[The input Boundary: Start]

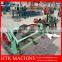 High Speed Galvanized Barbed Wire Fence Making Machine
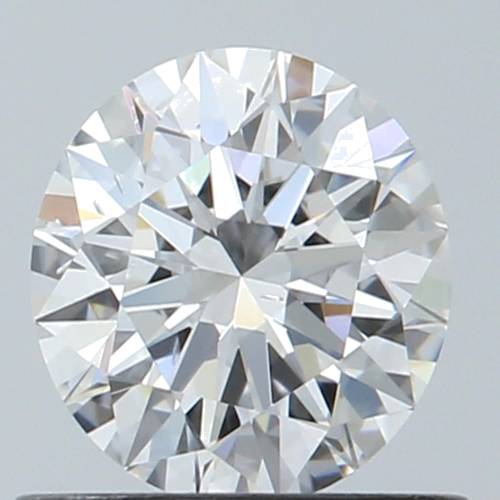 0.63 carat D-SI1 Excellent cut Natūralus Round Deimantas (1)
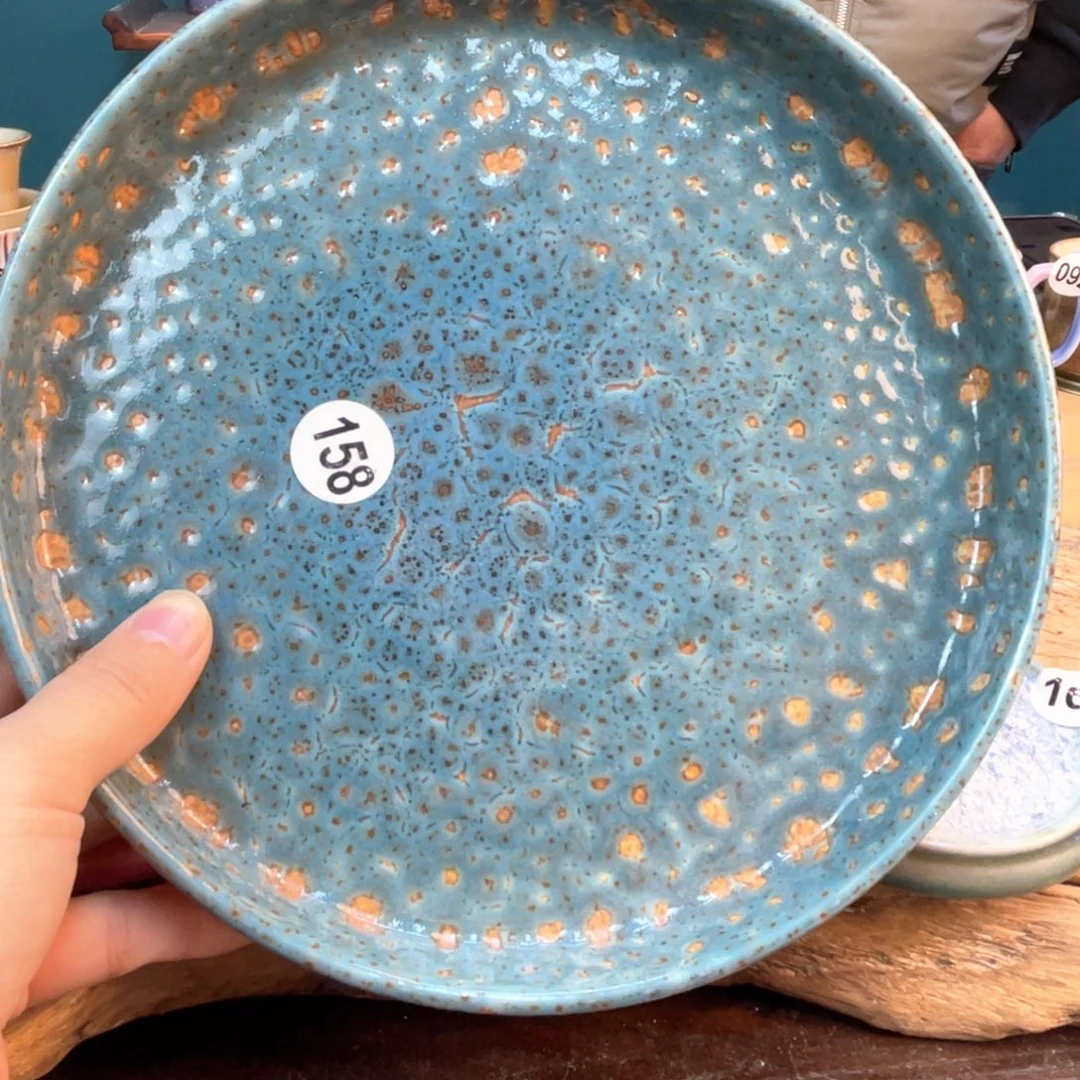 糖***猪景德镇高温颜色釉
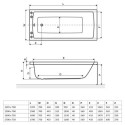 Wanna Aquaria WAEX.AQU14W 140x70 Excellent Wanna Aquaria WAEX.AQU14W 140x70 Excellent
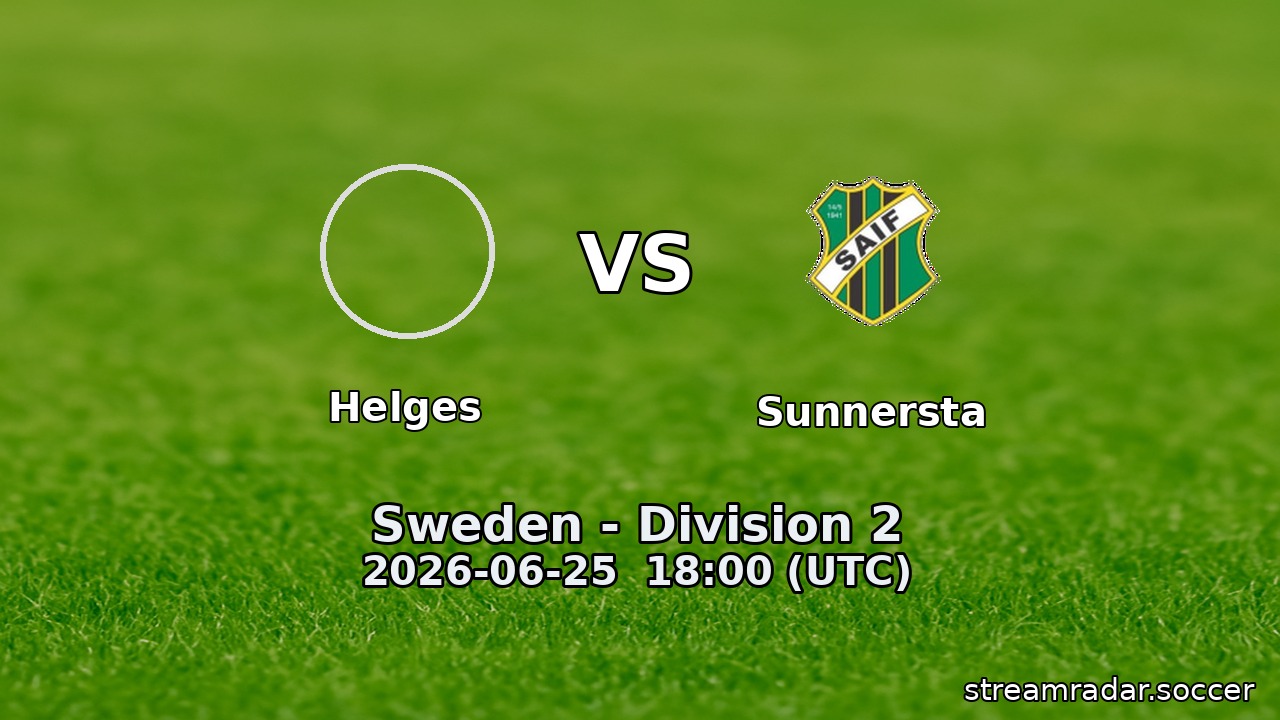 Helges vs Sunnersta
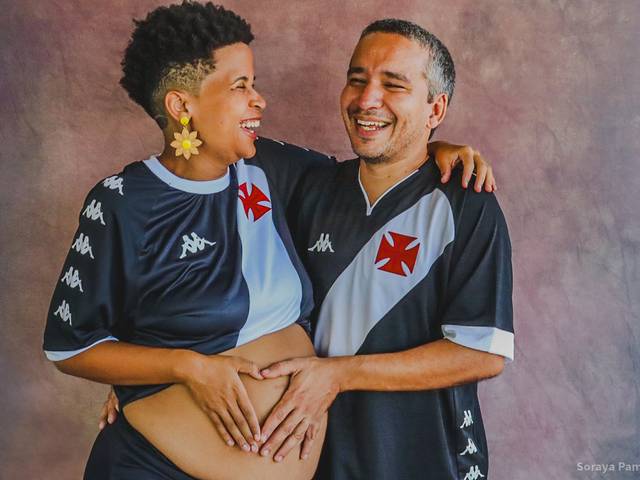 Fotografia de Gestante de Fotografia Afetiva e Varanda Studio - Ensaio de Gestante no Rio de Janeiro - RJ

[The input Boundary: End]

## Work request
Copy the whole listing above word for word but do not carry over the pictures.

## Answer section
 High Speed Galvanized Barbed Wire Fence Making Machine
 0.63 carat D-SI1 Excellent cut Natūralus Round Deimantas (1)
 糖***猪景德镇高温颜色釉
 Wanna Aquaria WAEX.AQU14W 140x70 Excellent Wanna Aquaria WAEX.AQU14W 140x70 Excellent
 Helges vs Sunnersta
 Fotografia de Gestante de Fotografia Afetiva e Varanda Studio - Ensaio de Gestante no Rio de Janeiro - RJ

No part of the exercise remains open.